Trusts can be tailored to your exact needs, both now and as your needs change over time. Trusts have the flexibility to hold all forms of cash, securities, structured products and other bankable assets. In certain situations, trust structures may hold non-bankable assets such as residential and commercial real estate, art, boats, planes, and family operating companies which can be part of the overall wealth management solutions a family should look to incorporate into their planning.
These are some of the essential terms surrounding the establishment and maintenance of trusts:
A trust is a legal relationship between a trustee and the settlor by which the settlor transfers his or her assets to the trustee and which binds the trustee to administer these assets in the best interests of the beneficiaries of the trust.
The settlor is the person who establishes the trust by transferring property to the trustee(s) to hold under the terms of the trust deed.
The choice of trustee is very important because the trustee is the legal owner of the trust assets once they are placed in the control of the trust. The overriding duty of a trustee under the law is to take care of a trust’s assets in the best interests of the beneficiaries.

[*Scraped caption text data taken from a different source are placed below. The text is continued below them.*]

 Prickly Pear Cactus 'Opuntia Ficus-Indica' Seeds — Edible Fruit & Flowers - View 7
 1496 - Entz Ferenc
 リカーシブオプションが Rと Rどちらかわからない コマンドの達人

A failure in that duty may make the trustee liable for a breach of trust and responsible for any resultant loss. In many common law jurisdictions, any individual or company may act as a trustee and take on the fiduciary duties and responsibilities of a trustee. Careful consideration of the trustee is essential as the settlor will transfer assets into trust to be administered by the trustee. It is important to ensure that the trustee is capable of administering the trust.
The beneficiaries are the person(s) selected by the settlor for whom the settlor wishes the trustees to hold the property. In the case of a trust set up primarily for family succession planning, the beneficiaries will generally be the settlor and his or her family, but they could also include a charity or other individuals or institutions. You can also create as many conditions as desired for the beneficiaries and upon such conditions the trustee can distribute funds in accordance to those wishes.

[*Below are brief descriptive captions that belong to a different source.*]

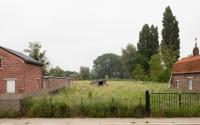 Beeld 67, klik om te vergroten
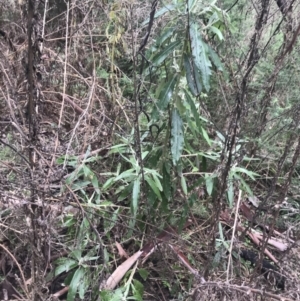 Bedfordia arborescens at Tennent, ACT - 3 Oct 2021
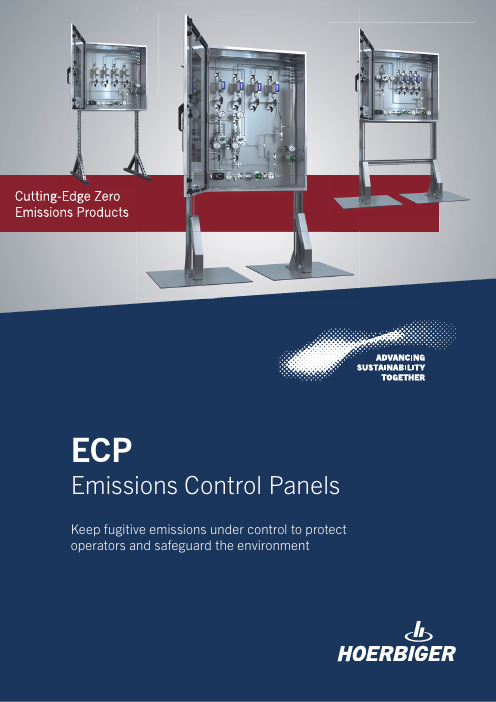 HOERBIGER Emissions Control Panels产品说明书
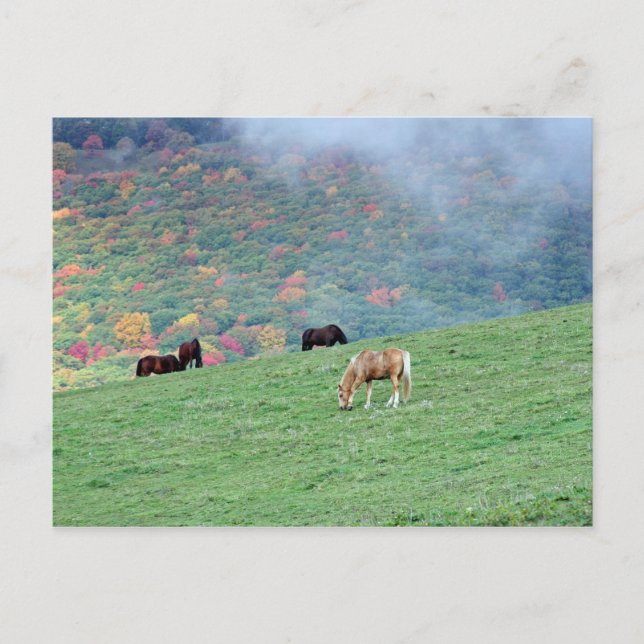 Cartão Postal Cavalos na Montanha (Frente)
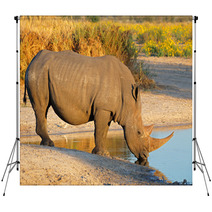 White Rhinoceros Drinking Water Backdrops 65936916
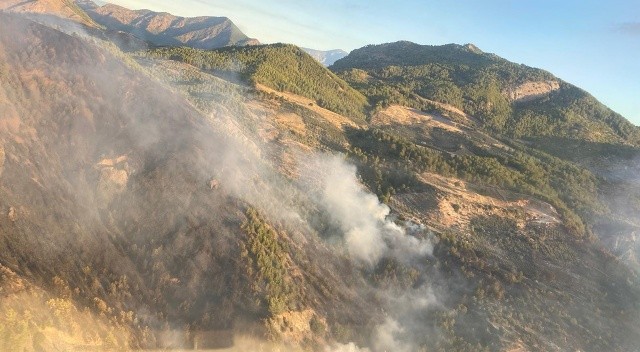 Muğla&#039;da orman yangını kontrol altına alındı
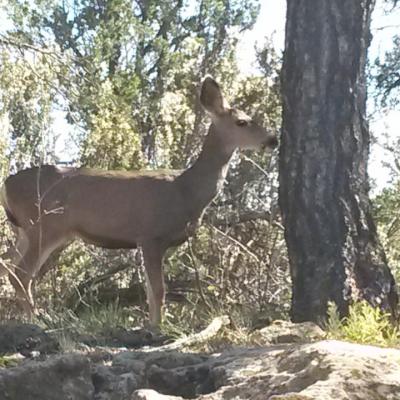 2014 Grand canyon biche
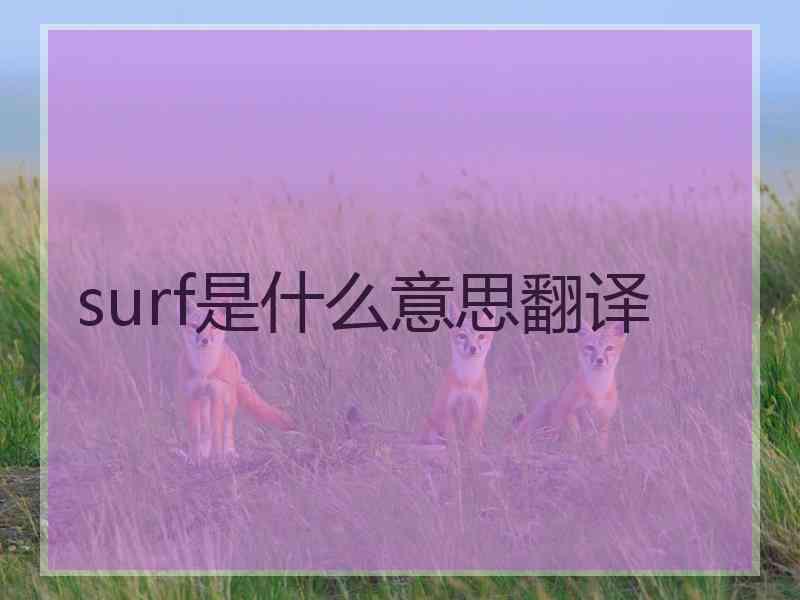 surf是什么意思翻译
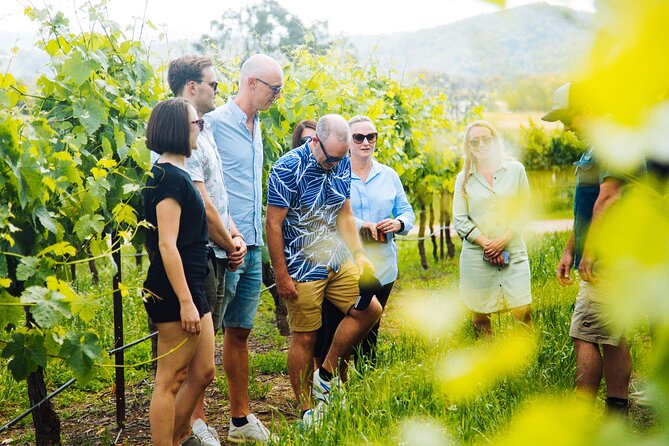 Premium Hunter Valley Wine Tour with Lunch from Sydney - Cheese and chocolate pairings that turn tastings into a meal, not a stop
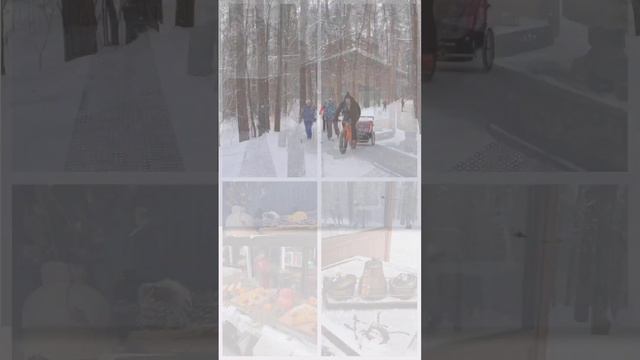 «Лесная чайная» в Мещерском парке смотреть онлайн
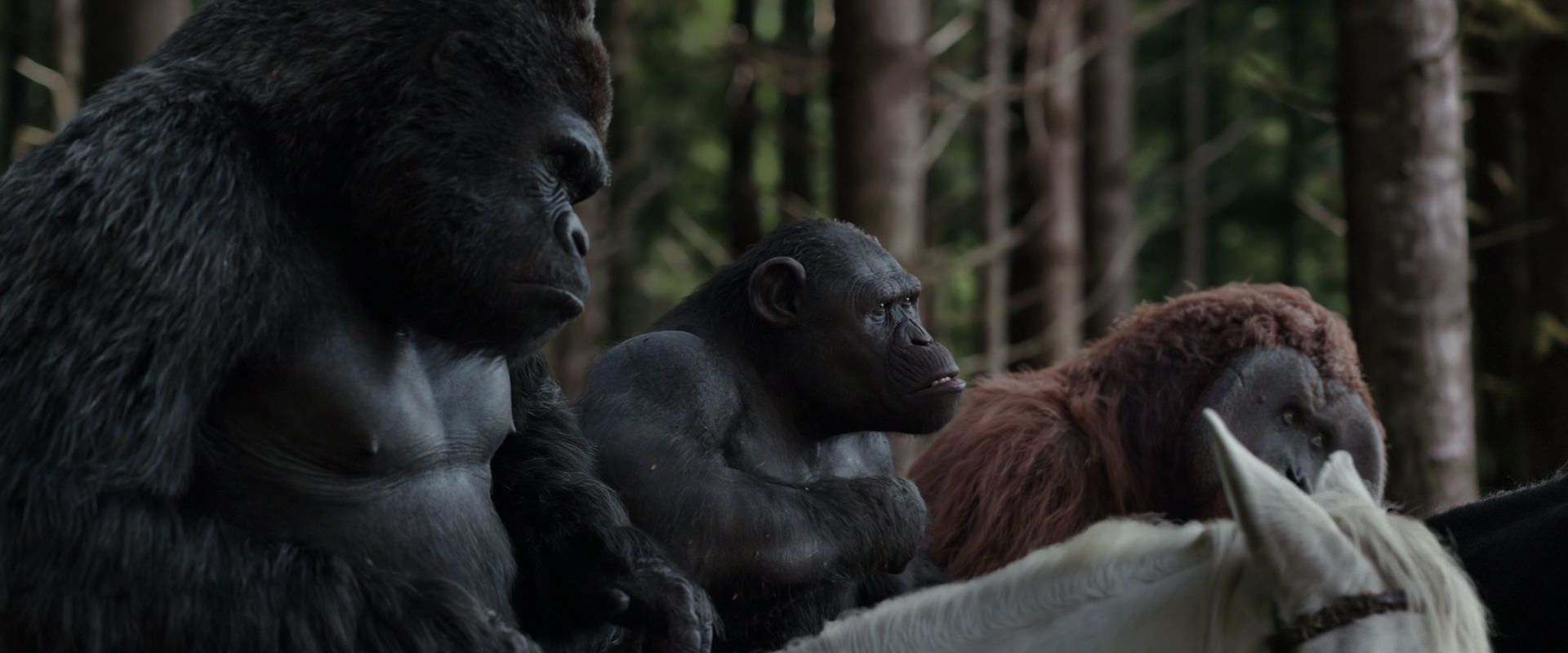War for the Planet of the Apes (2017) HD screenshot 3080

In other cases, the beneficiaries may be, for example, members of a company pension fund or a profit-sharing plan.
A trust deed is a written document that sets out the powers and duties of the trustee and defines the beneficiaries and trust assets. The deed may contain specific provisions on beneficiaries’ entitlements, or it may leave this to the trustee’s discretion. These are usually referred to as “fixed interest” and “discretionary” trusts respectively. A trustee of a discretionary trust may be guided by a letter of wishes from the settlor. In addition, distributions or other decisions may require the consent of a person, such as a “Protector”, who knows the settlor.
Types of Trusts
One of the more common forms of trust used is a discretionary trust, which may be revocable or irrevocable. In its usual form, it provides the trustees with enough discretion to carry out their duties and exercise their powers, while taking into account changing family, business or jurisdictional circumstances. In contrast, fixed interest trusts define the interests of one or more of the beneficiaries in the trust deed. For example, a beneficiary may have a right to all of the income of the trust assets during his or her lifetime, i.e., a fully vested interest. Again, the trust may be revocable or irrevocable. It is also quite common to encounter a mixture of the above. For example, a trust might start out as a discretionary revocable trust, but upon the occurrence of a certain event may become irrevocable with defined interests in income for certain beneficiaries during their lifetimes, with further discretionary trusts to follow their demise.
Letter of Wishes
In administering a discretionary trust the trustee may receive guidance from the settlor. This usually takes the form of a letter of wishes addressed to the trustee. Although this letter does not form part of the trust deed and is not a legal document, it is intended to assist the trustee. Beneficiaries do not usually have any right to see this information, which is a private letter between settlor and trustees.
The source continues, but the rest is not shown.